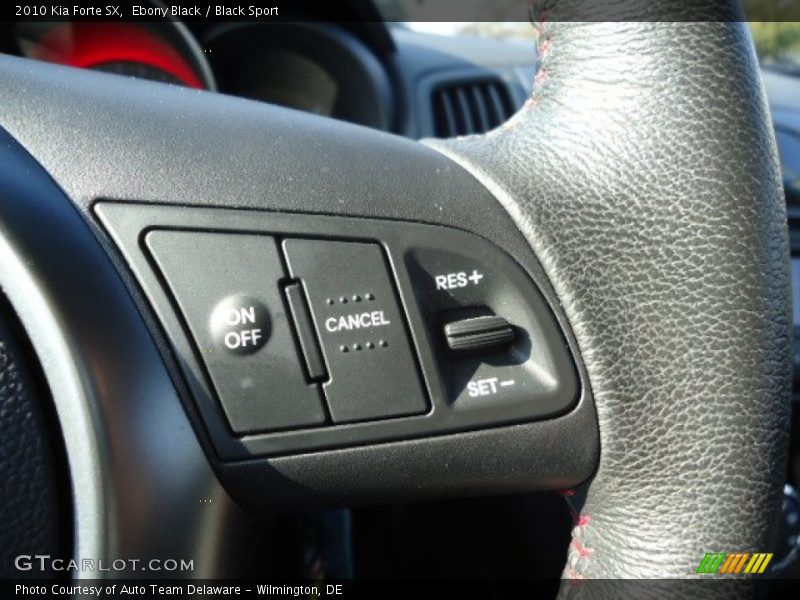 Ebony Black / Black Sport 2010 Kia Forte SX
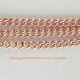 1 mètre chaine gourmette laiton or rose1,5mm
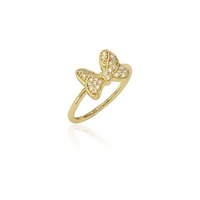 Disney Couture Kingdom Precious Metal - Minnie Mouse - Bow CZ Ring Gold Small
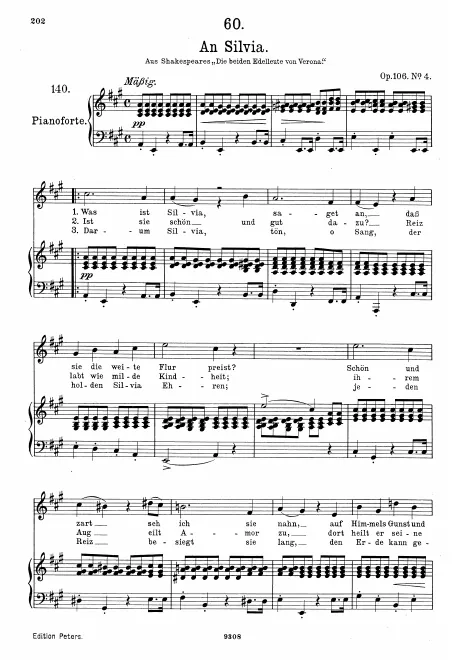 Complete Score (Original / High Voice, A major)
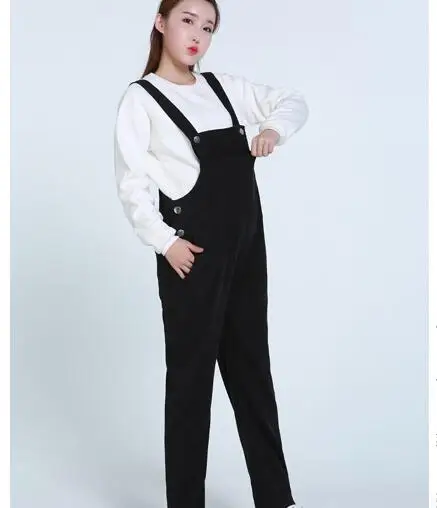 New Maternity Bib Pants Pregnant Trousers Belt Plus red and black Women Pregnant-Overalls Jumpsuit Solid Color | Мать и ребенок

* * * *

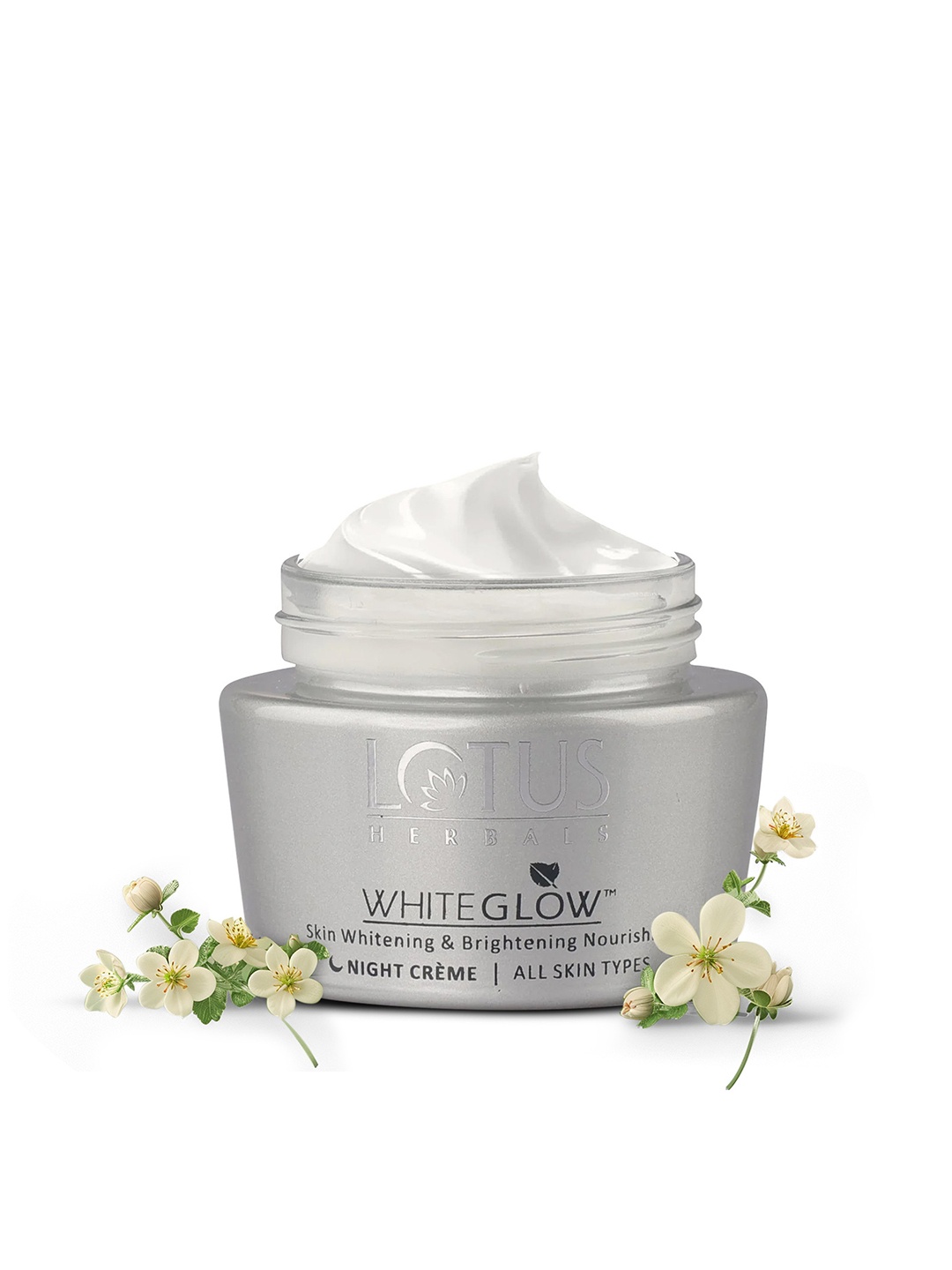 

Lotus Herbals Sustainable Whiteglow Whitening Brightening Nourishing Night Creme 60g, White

* * * *

WORK ITEM — With the pictures omitted, restate word for word the lines above from the line that has "Complete Score (Original" up to and including the line that has "New Maternity Bib", and no other lines.

ANSWER TO THE PROBLEM —
 Complete Score (Original / High Voice, A major)
 New Maternity Bib Pants Pregnant Trousers Belt Plus red and black Women Pregnant-Overalls Jumpsuit Solid Color | Мать и ребенок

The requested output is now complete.